Dataset / Benchmark Setting MMC4 OBELICS Textbook-6.5M Gain
ScienceQA-IMG 0-shot - - 26.3 -
ScienceQA-IMG 4-shot 11.6 16.4 37.3 +20.9 vs MMC4
MathVista 0-shot 20.4 21.6 24.3 +2.7
MathVista 1-shot 30.0 28.5 43.4 +14.9 vs OBELICS
OKVQA 4-shot 28.7 37.5 39.9 +2.4 vs OBELICS
TextVQA 4-shot 20.9 32.2 33.5 +1.3 vs OBELICS
Avg. over 7 benchmarks 0–4-shot 10.9–21.9 10.7–26.2 15.5–30.8 +3.2~+8.3

After continual pretraining on Idefics2, MathVista improves from 27.6 to 29.7, and MathVision from 14.3 to 16.2.

Ablation Study

Configuration 1-shot Avg.

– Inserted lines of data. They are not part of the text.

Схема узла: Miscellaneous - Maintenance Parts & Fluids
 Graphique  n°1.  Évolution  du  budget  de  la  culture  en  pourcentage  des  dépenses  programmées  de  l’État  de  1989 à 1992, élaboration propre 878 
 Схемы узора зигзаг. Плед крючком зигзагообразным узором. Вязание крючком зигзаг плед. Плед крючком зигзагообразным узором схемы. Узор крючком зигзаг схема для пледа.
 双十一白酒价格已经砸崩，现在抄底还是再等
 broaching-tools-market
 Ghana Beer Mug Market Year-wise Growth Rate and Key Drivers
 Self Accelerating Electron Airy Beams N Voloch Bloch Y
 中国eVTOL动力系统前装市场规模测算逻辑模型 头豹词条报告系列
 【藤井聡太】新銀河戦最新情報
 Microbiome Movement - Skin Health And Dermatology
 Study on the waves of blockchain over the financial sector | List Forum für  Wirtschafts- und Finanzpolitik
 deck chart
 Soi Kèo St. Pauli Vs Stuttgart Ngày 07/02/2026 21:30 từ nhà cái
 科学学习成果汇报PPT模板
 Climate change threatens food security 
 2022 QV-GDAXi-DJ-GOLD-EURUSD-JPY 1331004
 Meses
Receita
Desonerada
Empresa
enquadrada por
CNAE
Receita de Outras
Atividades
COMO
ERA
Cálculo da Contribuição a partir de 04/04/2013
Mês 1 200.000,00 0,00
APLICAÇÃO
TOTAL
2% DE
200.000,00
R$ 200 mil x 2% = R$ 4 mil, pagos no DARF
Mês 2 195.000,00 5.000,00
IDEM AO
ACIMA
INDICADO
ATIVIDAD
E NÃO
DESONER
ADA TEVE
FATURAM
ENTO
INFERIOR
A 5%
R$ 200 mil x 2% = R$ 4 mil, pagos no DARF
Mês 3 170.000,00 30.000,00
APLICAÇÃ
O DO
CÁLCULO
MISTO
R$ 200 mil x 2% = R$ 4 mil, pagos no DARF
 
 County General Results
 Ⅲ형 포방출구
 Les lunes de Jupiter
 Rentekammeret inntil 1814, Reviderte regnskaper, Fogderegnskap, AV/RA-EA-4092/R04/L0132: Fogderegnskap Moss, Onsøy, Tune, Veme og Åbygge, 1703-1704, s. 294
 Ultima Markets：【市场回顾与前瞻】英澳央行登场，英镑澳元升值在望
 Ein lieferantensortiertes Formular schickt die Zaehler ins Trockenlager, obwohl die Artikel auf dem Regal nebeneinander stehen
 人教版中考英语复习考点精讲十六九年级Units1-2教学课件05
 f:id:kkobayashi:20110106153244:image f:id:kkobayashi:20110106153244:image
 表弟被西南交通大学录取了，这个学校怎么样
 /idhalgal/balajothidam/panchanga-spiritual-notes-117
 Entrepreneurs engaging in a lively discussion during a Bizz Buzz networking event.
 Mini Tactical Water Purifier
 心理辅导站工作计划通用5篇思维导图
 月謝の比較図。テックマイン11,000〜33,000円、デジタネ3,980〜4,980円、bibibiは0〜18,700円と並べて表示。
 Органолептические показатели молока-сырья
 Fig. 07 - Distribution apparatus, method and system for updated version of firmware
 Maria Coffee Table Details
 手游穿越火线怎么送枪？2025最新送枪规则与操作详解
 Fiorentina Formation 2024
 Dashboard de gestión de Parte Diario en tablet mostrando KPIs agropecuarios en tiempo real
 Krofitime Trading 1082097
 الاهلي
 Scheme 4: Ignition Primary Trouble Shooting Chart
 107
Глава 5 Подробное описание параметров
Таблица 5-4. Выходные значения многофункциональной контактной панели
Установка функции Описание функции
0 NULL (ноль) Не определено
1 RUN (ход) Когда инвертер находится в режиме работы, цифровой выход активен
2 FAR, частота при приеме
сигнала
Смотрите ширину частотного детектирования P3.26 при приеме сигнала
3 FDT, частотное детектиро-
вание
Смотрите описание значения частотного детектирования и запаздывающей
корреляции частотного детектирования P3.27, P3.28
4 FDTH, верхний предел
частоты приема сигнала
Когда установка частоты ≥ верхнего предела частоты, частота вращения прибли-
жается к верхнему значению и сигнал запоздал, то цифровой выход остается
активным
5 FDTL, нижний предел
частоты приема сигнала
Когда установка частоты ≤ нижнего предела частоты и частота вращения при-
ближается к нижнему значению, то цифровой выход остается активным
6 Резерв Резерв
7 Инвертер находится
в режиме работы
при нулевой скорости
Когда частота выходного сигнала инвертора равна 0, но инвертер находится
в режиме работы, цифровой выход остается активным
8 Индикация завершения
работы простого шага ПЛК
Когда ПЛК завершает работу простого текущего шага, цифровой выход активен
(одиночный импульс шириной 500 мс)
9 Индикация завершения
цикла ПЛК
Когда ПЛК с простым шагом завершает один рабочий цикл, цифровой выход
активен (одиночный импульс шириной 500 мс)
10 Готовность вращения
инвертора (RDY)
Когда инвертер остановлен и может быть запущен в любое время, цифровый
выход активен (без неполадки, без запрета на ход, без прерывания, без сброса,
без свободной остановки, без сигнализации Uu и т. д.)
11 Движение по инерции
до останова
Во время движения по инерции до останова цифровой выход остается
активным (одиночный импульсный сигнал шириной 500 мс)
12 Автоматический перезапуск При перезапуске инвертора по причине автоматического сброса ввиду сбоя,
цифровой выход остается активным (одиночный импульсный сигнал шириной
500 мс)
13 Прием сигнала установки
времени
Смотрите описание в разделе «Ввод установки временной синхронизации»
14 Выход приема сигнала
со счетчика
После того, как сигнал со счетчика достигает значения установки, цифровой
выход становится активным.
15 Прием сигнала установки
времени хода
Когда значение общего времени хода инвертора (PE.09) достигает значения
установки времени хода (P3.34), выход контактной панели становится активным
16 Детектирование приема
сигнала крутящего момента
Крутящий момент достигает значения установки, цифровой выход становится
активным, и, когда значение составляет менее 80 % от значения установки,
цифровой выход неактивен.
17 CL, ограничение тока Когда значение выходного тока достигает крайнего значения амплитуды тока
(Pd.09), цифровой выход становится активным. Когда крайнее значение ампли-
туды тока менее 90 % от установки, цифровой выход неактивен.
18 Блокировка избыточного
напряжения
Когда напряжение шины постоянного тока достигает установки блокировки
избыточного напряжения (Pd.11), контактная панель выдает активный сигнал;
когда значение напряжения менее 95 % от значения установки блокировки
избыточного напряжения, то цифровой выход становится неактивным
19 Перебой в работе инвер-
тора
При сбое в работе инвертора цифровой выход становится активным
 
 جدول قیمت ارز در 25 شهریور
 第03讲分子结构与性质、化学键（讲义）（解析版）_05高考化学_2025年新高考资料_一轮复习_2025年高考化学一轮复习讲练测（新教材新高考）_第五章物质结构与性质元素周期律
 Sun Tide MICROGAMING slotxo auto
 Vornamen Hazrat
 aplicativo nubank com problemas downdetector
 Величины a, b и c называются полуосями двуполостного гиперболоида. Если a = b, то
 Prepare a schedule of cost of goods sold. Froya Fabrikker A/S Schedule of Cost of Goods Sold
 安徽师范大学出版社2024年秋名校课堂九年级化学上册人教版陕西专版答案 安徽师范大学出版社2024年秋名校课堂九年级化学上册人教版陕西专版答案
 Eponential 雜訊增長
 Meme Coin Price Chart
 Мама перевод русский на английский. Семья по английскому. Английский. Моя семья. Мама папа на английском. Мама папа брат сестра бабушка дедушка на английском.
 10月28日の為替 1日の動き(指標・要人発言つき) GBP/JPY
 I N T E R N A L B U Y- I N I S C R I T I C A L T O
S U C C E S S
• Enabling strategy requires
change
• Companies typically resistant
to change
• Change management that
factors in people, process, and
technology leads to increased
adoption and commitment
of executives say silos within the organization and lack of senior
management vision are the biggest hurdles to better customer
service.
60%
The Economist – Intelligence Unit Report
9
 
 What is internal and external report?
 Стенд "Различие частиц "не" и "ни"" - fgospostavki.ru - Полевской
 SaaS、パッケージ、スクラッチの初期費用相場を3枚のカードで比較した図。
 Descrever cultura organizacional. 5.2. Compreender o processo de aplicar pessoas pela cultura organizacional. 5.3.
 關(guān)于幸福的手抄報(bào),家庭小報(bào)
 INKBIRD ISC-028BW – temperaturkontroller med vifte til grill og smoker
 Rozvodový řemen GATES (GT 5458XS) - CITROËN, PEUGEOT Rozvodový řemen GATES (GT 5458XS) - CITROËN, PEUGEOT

Accuracy Note
Full method (SSIM + ASR refinement + OCR) 31.1 Best
w/o ASR refinement 26.2 (↓4.9) Raw ASR is colloquial; PPL reaches 16.86, degrading language ability
w/o OCR 28.8 (↓2.3) OCR supplies additional knowledge via formulas and symbols
SSIM → pixel-level keyframe extraction 22.1 (↓9.0) Extracts too many frames (18M) with heavy redundancy
SSIM → CLIP semantic-level extraction 24.6 (↓6.5) Extracts too few frames (1.7M), missing critical keyframes

Key Findings

  • A "cheating test" validates context awareness: placing the test sample itself within the few-shot context, the Textbook model achieves 94.1% on MathVista (vs. 72.6% for MMC4), demonstrating that VLMs pretrained on the Textbook dataset effectively attend to information in interleaved contexts.
  • Image order shuffling experiments show that shuffling has almost no effect on MMC4, a moderate drop on OBELICS, and a substantial performance degradation on Textbook — confirming that image sequences derived from video sources exhibit strong logical dependencies, which are critical for learning complex knowledge and reasoning.
  • After instruction fine-tuning (LLaVA-665K), Textbook yields an additional 5.5% gain on MathVista, more than double that of OBELICS (+2.4%).

Highlights & Insights

  • A paradigm shift in data sourcing: moving from web crawling to instructional video mining, leveraging the natural temporal consistency and lecture-demonstration alignment inherent in video.
  • The in-sample image similarity metric shows that intra-sample image relevance in the Textbook dataset (0.686) is twice that of OBELICS (0.345), and remains stable as the number of images increases.
  • Each sample contains on average 10.7 images and 1,297 tokens, far exceeding MMC4 (5.7 images / 417 tokens).

Limitations & Future Work

  • The dataset primarily covers foundational academic instructional videos, offering limited zero-shot gains on general-domain VQA tasks (few-shot settings are required to demonstrate advantages).
  • ASR refinement relies on a large LLM (Qwen2-72B), incurring substantial computational cost for processing 75K videos.
  • Only English instructional videos are included; multilingual extension remains unexplored.
  • Training has not been combined with large-scale (billion-scale) web data; the optimal data mixture ratio warrants further investigation.
  • The Phi series validates the importance of "textbook-quality" data; this work extends that insight from pure text to the multimodal setting.
  • The key distinction from multi-source datasets such as OmniCorpus lies in the temporal coherence of video; future work could explore incorporating additional video types such as conference talks and laboratory recordings.
  • The "cheating test" methodology can serve as a general evaluation tool for interleaved context awareness.

Rating

  • Novelty: ⭐⭐⭐⭐ — The idea of constructing interleaved textbook data from instructional videos is original and fills a gap in video-sourced pretraining data.
  • Experimental Thoroughness: ⭐⭐⭐⭐⭐ — Multi-model, multi-benchmark, extensive ablations, and cleverly designed cheating and shuffling experiments.
  • Writing Quality: ⭐⭐⭐⭐ — Clear structure with detailed pipeline descriptions.
  • Value: ⭐⭐⭐⭐ — Open-sourced dataset and reusable pipeline offer practical value for knowledge-intensive VLM pretraining.